Decía un tal Benjamin Disraeli que en política los experimentos significan revoluciones. La inesperada reunión entre Jimmy Carter, Menachen Begin y El Sadat, con Kissinger como catalizador del experimento, asentó, entre otras consideraciones, la futura importancia que Washington le daría a Egipto como aliado regional. La denominada revolución o primavera árabe que es como fue bautizada por algún cursi progre, ha evolucionado hacia estadíos de indeterminación y estancamiento político. Una concatenación de episodios donde la agitación popular es seguida por episodios de tensa calma.
Repasemos la cornisa norteafricana. Marruecos, aliado preferente de EEUU y recientemente embarcado en un programa de modernización de sus fuerzas armadas, supo aislarse de las revueltas y su régimen divino salió fortalecido con una amalgama de reformas de cara a la galería. Argelia era candidata a que el virus tunecino mutase a su territorio; apuntalada por la relativa bonanza económica que le confieren sus estratégicas reservas de gas, a la par de las lecciones aprendidas por su aventura “democrática” y la posterior ola de violencia desatada por el Frente Islámico de Salvación, hicieron posible que Bouteflika mantuviese el despacho. Túnez, que no tiene ni petróleo ni peso estratégico, pero sí una franja demográfica formada en lo intelectual, fue el germen del levantamiento. Lógico. Con un alto número de universitarios [desempleados] y un espíritu laico, la frustración de su población no casaba con el genuino paternalismo árabe que representaba la dictadura “blanda” de Ben Ali. La díscola Libia se precipitó hacia una guerra civil donde Francia enarboló la chapuza que aceleró el fin de Gadafi. Algunas de las consecuencias se vivieron más al sur con la desestabilización del Sahel medio y la posterior intervención de París. Una más. Y finalmente Egipto; sumido en una eterna y tensa transición que rítmicamente inflama las calles y salta a los medios. A falta de un nuevo y proclive rais, la movilización del poderoso ejército es un garante para occidente.

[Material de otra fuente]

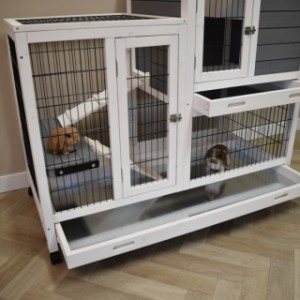 Rabbit cage Esmee has a practical tray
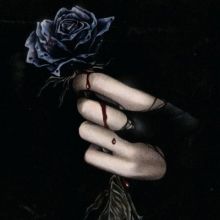 awomanisnoone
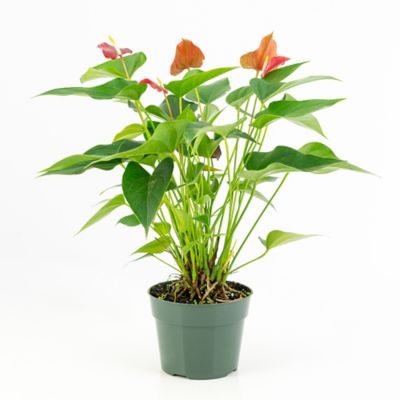 Image showing  6 in. Fire Glow Anthurium Plant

¿Fue la denominada revolución árabe un experimento en forma de plan renove para sustituir líderes ya amortizados por “nuevos y acordes” valores igualmente entregados al imperio? ¿Y si, como posteriormente se ha sabido, las agencias de inteligencia eran [o no] conocedoras de lo que se gestaba bajo el descontento social? Menudas preguntas. Aceptando los deseos de apertura política de parte de las sociedades árabes, parece claro que los intereses geoestratégicos priman por encima de las aspiraciones de la ciudadanía. Un resfriado; la primavera árabe no pasó de un estornudo que rápidamente se trató con “antivirales” occidentales.